Collected data:

◇ ◇ ◇ ◇ ◇

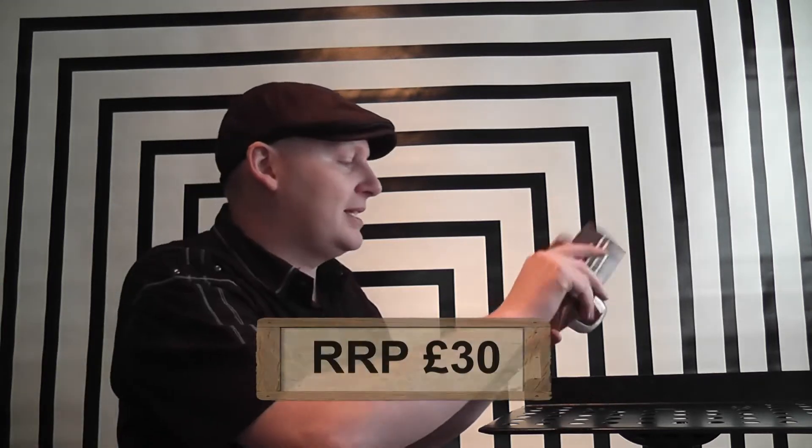In this episode we're going to review Gypsy Yoyo by Mark Mason's Magic, or JB Magic as I've always known them. Mark Mason's — well, JB Magic, Mark Mason — okay, not sure what to say.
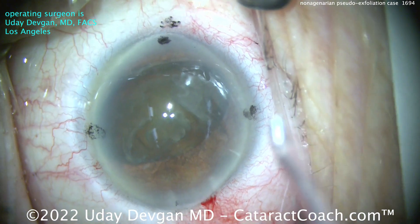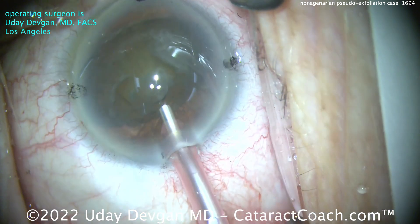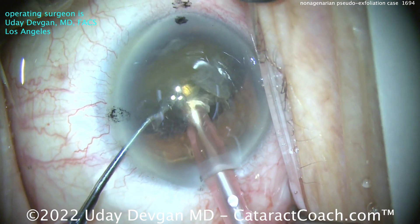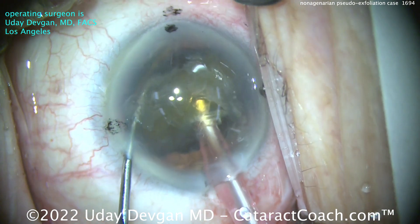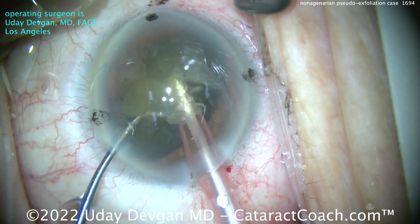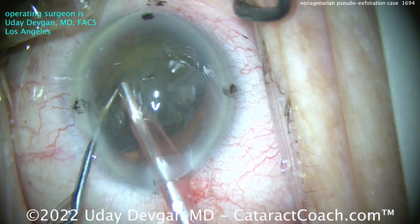Coming over with the phacoprobe now. The nucleus is being held by the pupil, which keeps the pupil open and keeps the nucleus in position. Buzz with the phacoprobe, get that chopper around the backside, and there's the chop. Now the nucleus is split into two halves, and you can emulsify each half and aspirate them down.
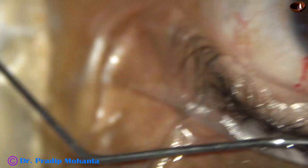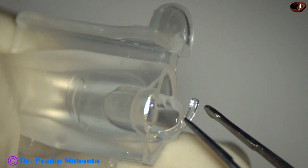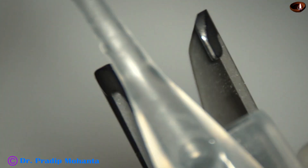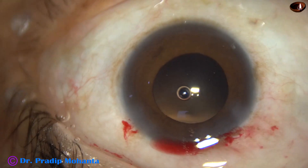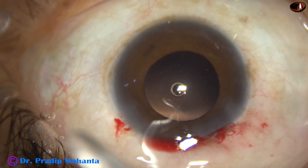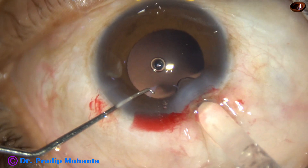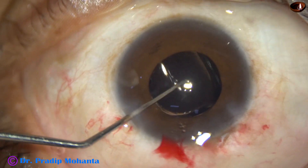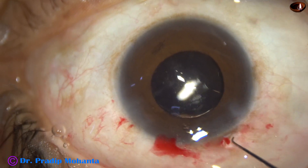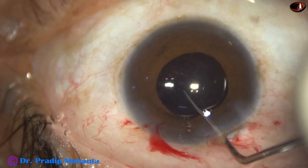The nucleus has been managed, the anterior chamber is filled up with visco, and now this is the lens. It's a very good lens — this is Tecnis 1 from Johnson & Johnson, USA. No glistening; it remains clear over the years. Aspheric optics give a very sharp focus and a crystal clear image of an object on the retina with optical correction. The lens goes into the capsular bag, unfolds, and occupies its position in the capsular bag.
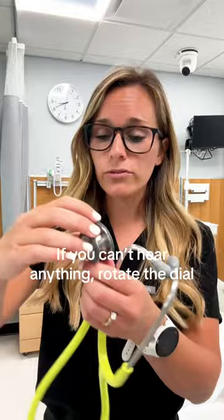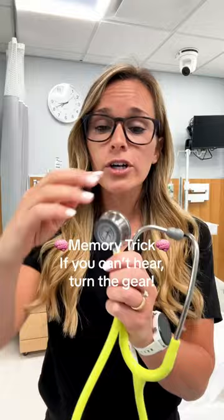The next tip is that if you can't hear anything, you're literally just going to rotate the gear or the dial. I like to think of the memory trick: if you can't hear, turn the gear.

◇ ◇ ◇ ◇ ◇

Task brief:
Everything in the listing above except the pictures should be duplicated exactly.

Output:
In this episode we're going to review Gypsy Yoyo by Mark Mason's Magic, or JB Magic as I've always known them. Mark Mason's — well, JB Magic, Mark Mason — okay, not sure what to say.
Coming over with the phacoprobe now. The nucleus is being held by the pupil, which keeps the pupil open and keeps the nucleus in position. Buzz with the phacoprobe, get that chopper around the backside, and there's the chop. Now the nucleus is split into two halves, and you can emulsify each half and aspirate them down.
The nucleus has been managed, the anterior chamber is filled up with visco, and now this is the lens. It's a very good lens — this is Tecnis 1 from Johnson & Johnson, USA. No glistening; it remains clear over the years. Aspheric optics give a very sharp focus and a crystal clear image of an object on the retina with optical correction. The lens goes into the capsular bag, unfolds, and occupies its position in the capsular bag.
The next tip is that if you can't hear anything, you're literally just going to rotate the gear or the dial. I like to think of the memory trick: if you can't hear, turn the gear.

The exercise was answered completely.